By Alejandro de los Rios | Feb 7, 2011


NEW ORLEANS (Legal Newsline) - U.S. District Judge Carl Barbier issued an order Tuesday reaffirming the rights of states in pursuing litigation against BP for damages relating to the Deepwater Horizon oil rig explosion and subsequent oil spill.

The order was issued in the oil spill multidistrict litigation in U.S. District Court for the Eastern District of Louisiana.

Barbier's order also exempts states involved in the litigation from certain deadlines issued to the Plaintiffs Steering Committee.

The order comes after Louisiana Attorney General James "Buddy" Caldwell filed an ex parte motion "for confirmation of non-applicability of, or exemption from, certain party-plaintiff requirements" on Dec. 15.

Caldwell's motion states that because "there is no 'Master Complaint' for government entities, there is also no present need for Louisiana to be held to an amended complaint deadline."

As part of the MDL, Barbier has approved "pleading bundles" and "master complaints" that plaintiffs can fill out to ease the process for anyone wishing to join the litigation against BP and other defendants.

Caldwell's motion also asked for confirmation that "no member of the (PSC) is authorized to negotiate regarding or resolve claims of the State of Louisiana, and that the settlement authority of the PSC excludes any claims of the State."

Barbier's order exempts Louisiana and any other state from the Dec. 15, 2010 deadline to file amended complaints and from the completion of the plaintiff profile form.
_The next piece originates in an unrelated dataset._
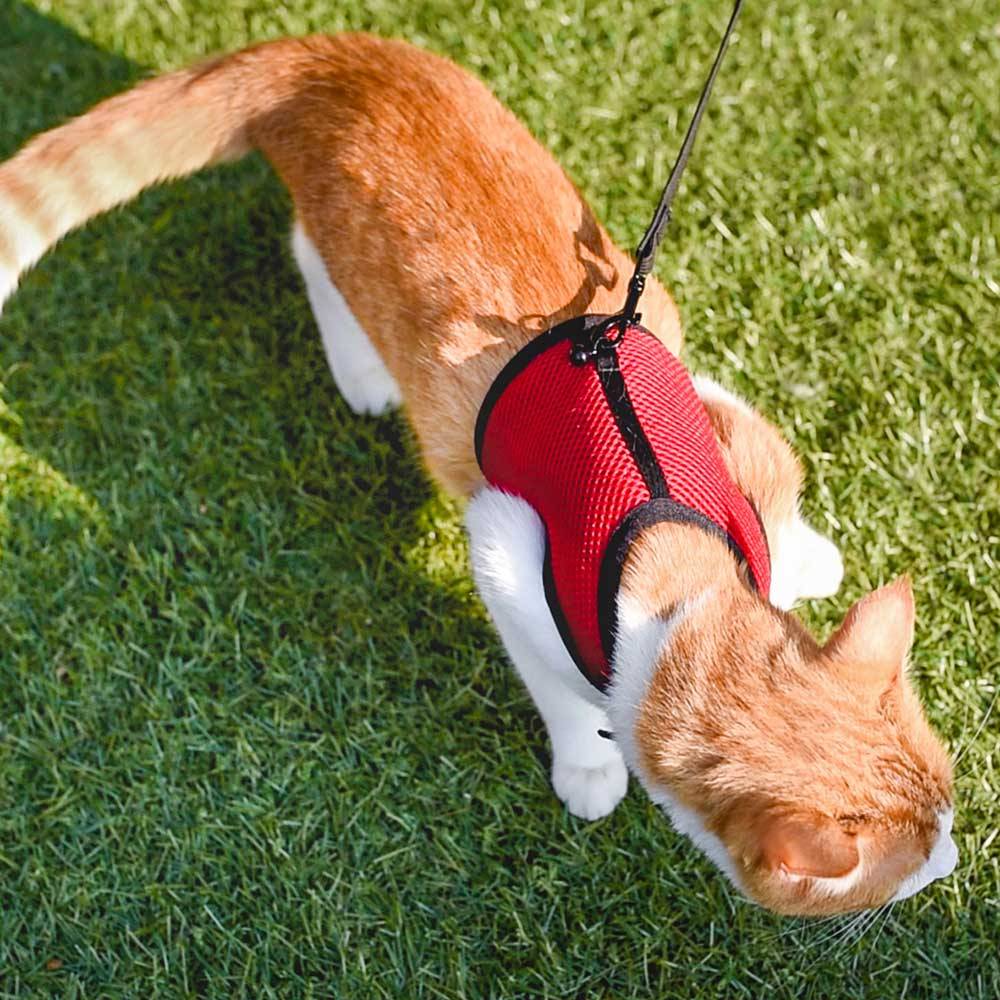 Ferplast - Harnais pour Chats JOGGING EXTRA LARGE, en Filet Perforé, avec Laisse élastiquée - Image 4
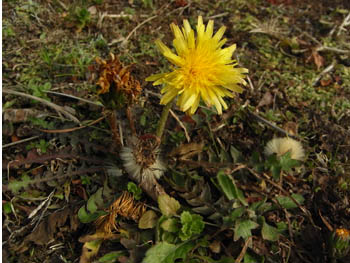 09_0223_tanpopo1.jpg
Barbier also ordered that provision specifying the PSC's role "to explore, develop, and pursue all settlement options" does not apply to the states.
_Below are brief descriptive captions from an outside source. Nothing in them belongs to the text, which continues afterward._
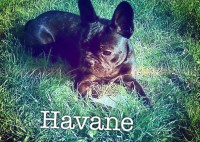 /album/galerie-photos/a43-jpg/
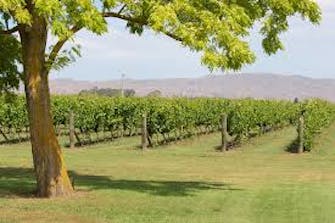Nelson Wineries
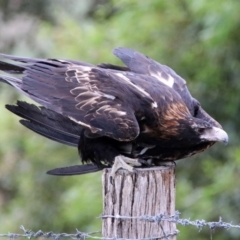 Aquila audax at Gordon, ACT - 19 Feb 2020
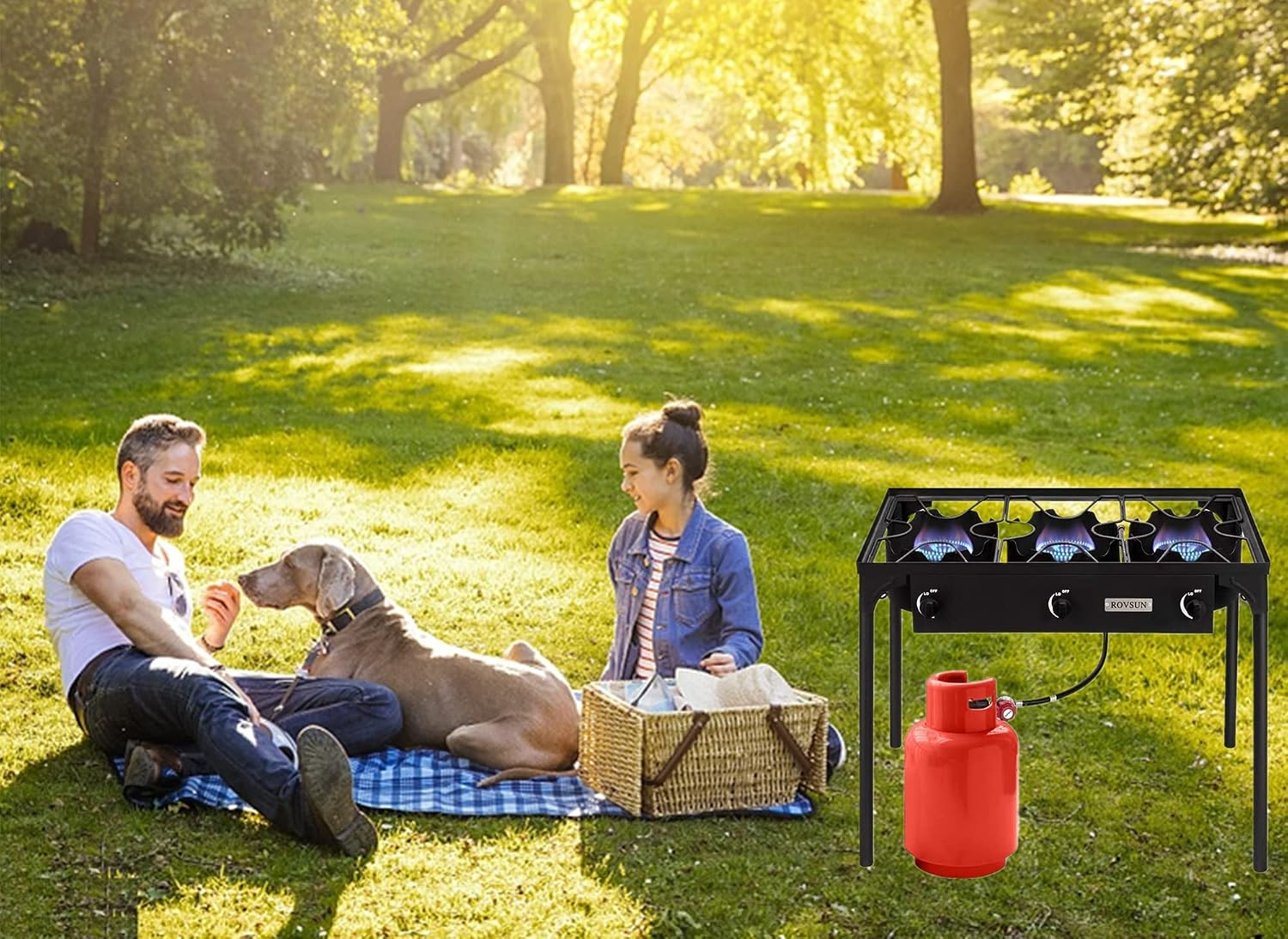 ROVSUN 2/3 Burner Outdoor Propane Gas Stove High Pressure Stand Cooker for Backy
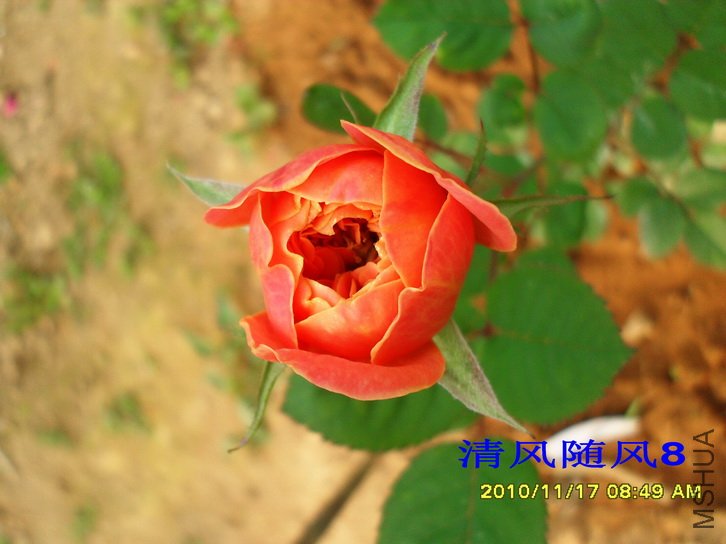 ӡ���� (THE IMPRESSIONIST) (1).jpg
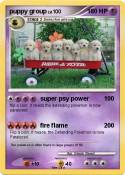 puppy group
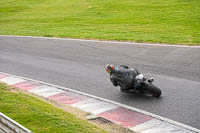 Middle Group Black Bikes
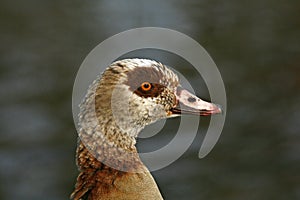 Egyptian Goose, Alopochen aegyptiacus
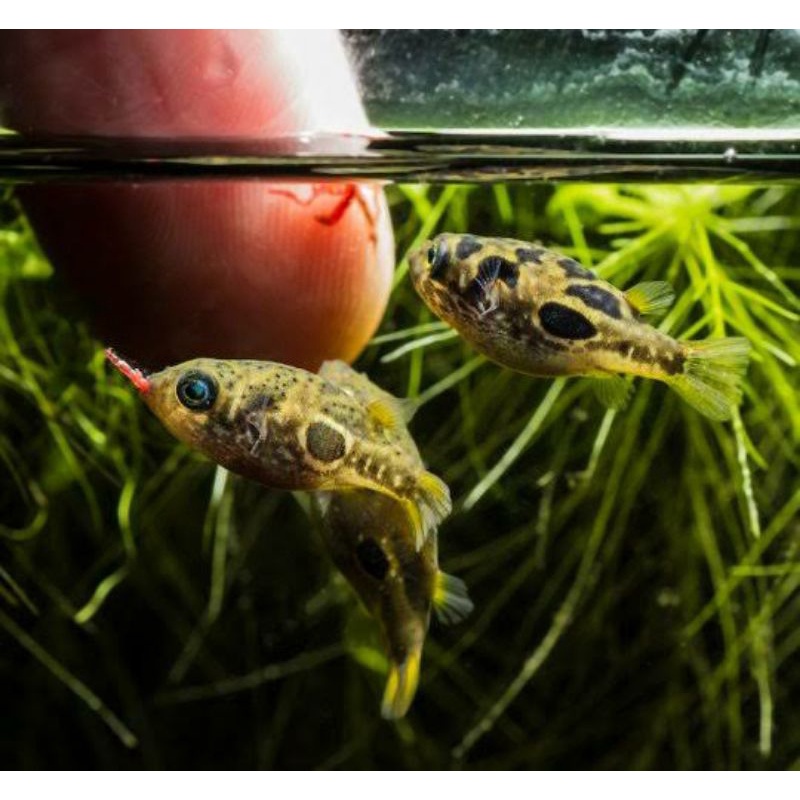 ikan hias indian dwarf puffer pembasmi hama keong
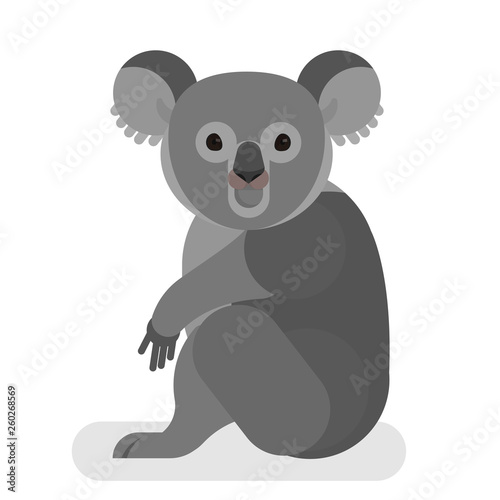 Koala with grey fur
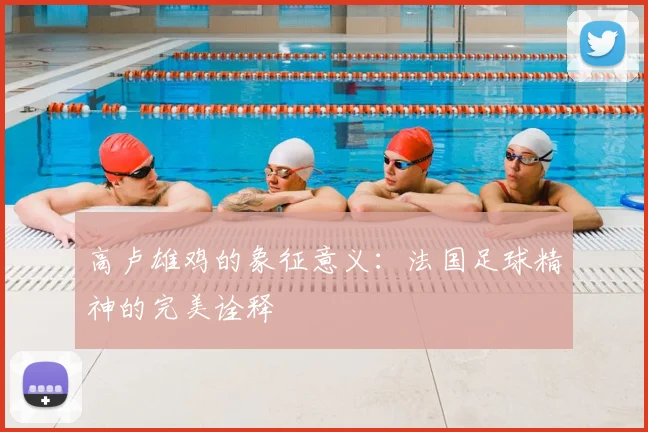 高卢雄鸡的象征意义:法国足球精神的完美诠释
The order does not mention Barbier's recent appointment of Mississippi Attorney General Luther Strange as "Coordinating Counsel for State Interests," which Caldwell claimed was depriving states of sovereignty rights and preventing them from seeking their own counsel.

At a Jan. 28 statues conference, Barbier said, "Each state still has the right to choose their own representation."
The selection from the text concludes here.